Their inspiration from PIA stems from their early days as a marketing, media, and web development firm. If anyone knows all about the complete lack of privacy for people today, it’s digital advertising people.
In this review, we’ll first take a look at PIA’s server locations and its availability on different apps and devices. We’ll then dive into their available protocols and encryption methods, before detailing their plans and pricing.
Here’s the quick details:
Private Internet Access Review (Summary)
|PROTOCOLS:||OpenVPN, IPSEC/L2TP, PPTP, SOCKS5|
|ENCRYPTION:||AES 128 & 256-bit|
|LOG FILES:||No Logging|
|LOCATIONS:||25+ countries, 3200+ servers|
|SUPPORT:||US Live Chat (24/7)|
|EASE OF USE:||Very Simple|
|PLATFORMS:||Win, Mac, Android, iOS|
PIA Quick Facts
PIA’s network is a relatively small, but dense, network.
Technically, they only reach 24 countries, which isn’t the biggest we’ve seen (ExpressVPN reaches almost three times that at 87 countries for example).
But PIA has over 3,269 servers in those 24 countries. So as long as they’re in the area you’re interested in, there should be no shortage of available options.
Their primary gateways are clustered within North America and Europe. South America only has a single location currently in Brazil. The Middle East can claim Israel, Turkey, and India. A few dot Asia in Singapore, Hong Kong, and Japan. And Oceania has a handful in Sydney, Melbourne, and New Zealand.
PIA is also available extensively across most major apps and operating systems. That even includes a few older versions of the Mac OS and Windows. (You’ll might notice that they also will have multiple protocols listed for some devices, which we’ll dive into shortly in the next section.)

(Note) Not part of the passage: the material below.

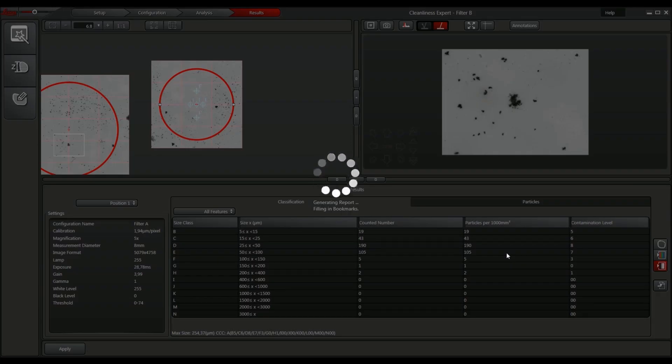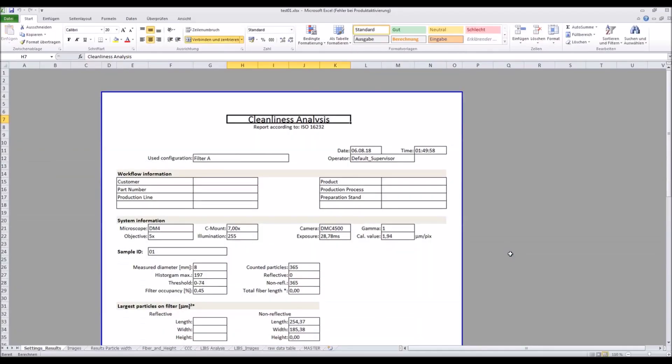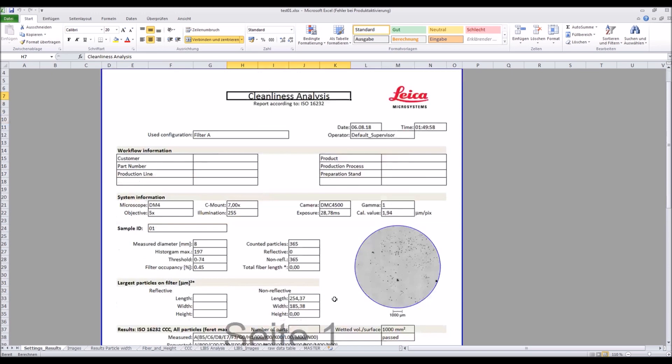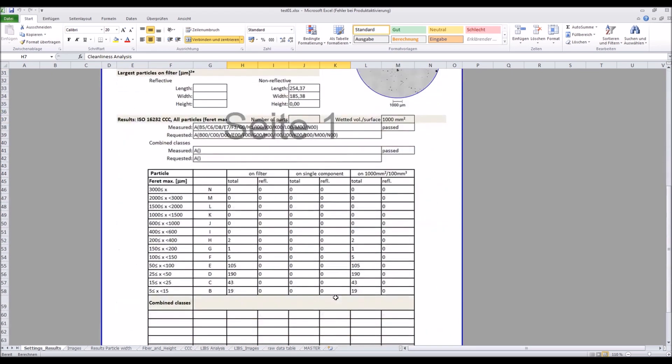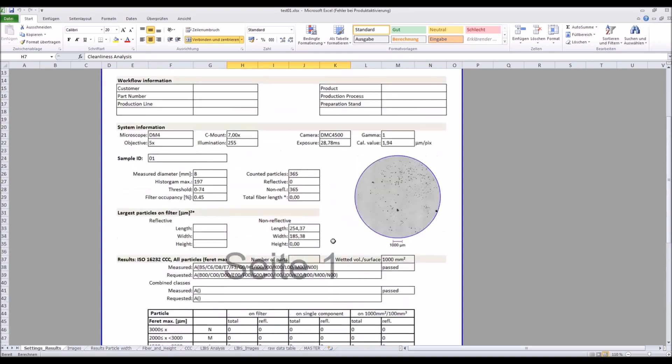The reports are automatically generated as Excel, PDF, or CSV files. All relevant information about the system and analysis are in the report, including image and measurement results like particle dimensions.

Here’s a complete breakdown:
- macOS 10.12
- Mac OS X 10.11
- Mac OS X 10.10
- Mac OS X 10.9
- Mac OS X 10.8
- Mac OS X 10.7
- Mac OS X 10.6
- Mac OS X 10.5
- Mac OS X 10.4
- Windows 10
- Windows 8
- Windows 7
- Windows Vista
- Windows XP/2k3
- Windows NT/2k
- iPad PPTP
- iPad IPSEC/L2TP
- iPhone/iTouch PPTP
- iPhone/iTouch IPSEC/L2TP
- Android PPTP (2.3.4)
- Android IPSEC/L2TP
- Android OpenVPN (root)
- DD-WRT PPTP
- DD-WRT OpenVPN
- Tomato OpenVPN
- PfSense OpenVPN
PIA allows you to connect up to 5 simultaneous devices at any given time across these apps and operating systems. There are no bandwidth restrictions or throttling to worry about.

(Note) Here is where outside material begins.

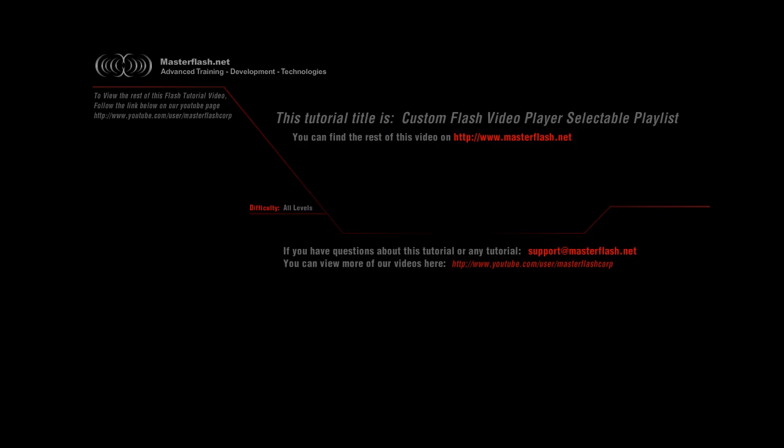That is the end of the custom flash video player, selectable playlist, sample video. To find the source files and watch the entire tutorial, you can go ahead and head towards masterflash.net. Hope you enjoy it.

And they offer a 7-day money back guarantee. So you can give the service a spin over the course of a few days. If you’re unhappy at all during those seven days, you can simply get your money back.
Interestingly, PIA accepts all kinds of different methods of payment. For starters, they’ll accept Bitcoin (which could also help you add another layer of privacy to the transaction). But – and I’m not making this up – they also accept gift cards for popular retailers like Starbucks, Costco, Best Buy, Target, and more.
So you know those random gifts your parents just bought you during the holidays? Now you just found a use for it.
Alright enough small talk. Time to get into the technical stuff, so you know how PIA can keep your data secure and anonymous.
Available Protocols (OpenVPN, IPSEC/L2TP, PPTP, and SOCKS5)
You’d think a hotel network is safe
Who could blame you?
Not only are there security vulnerabilities to watch out for, but Wi-Fi networks at hotels and airports commonly use some kind of proxy that requires detailed personal information before you gain access to the internet.
You quickly enter in all the required info so you can get online ASAP, check the Terms and Conditions box (without ever, seriously, contemplating reading it), and hit GO.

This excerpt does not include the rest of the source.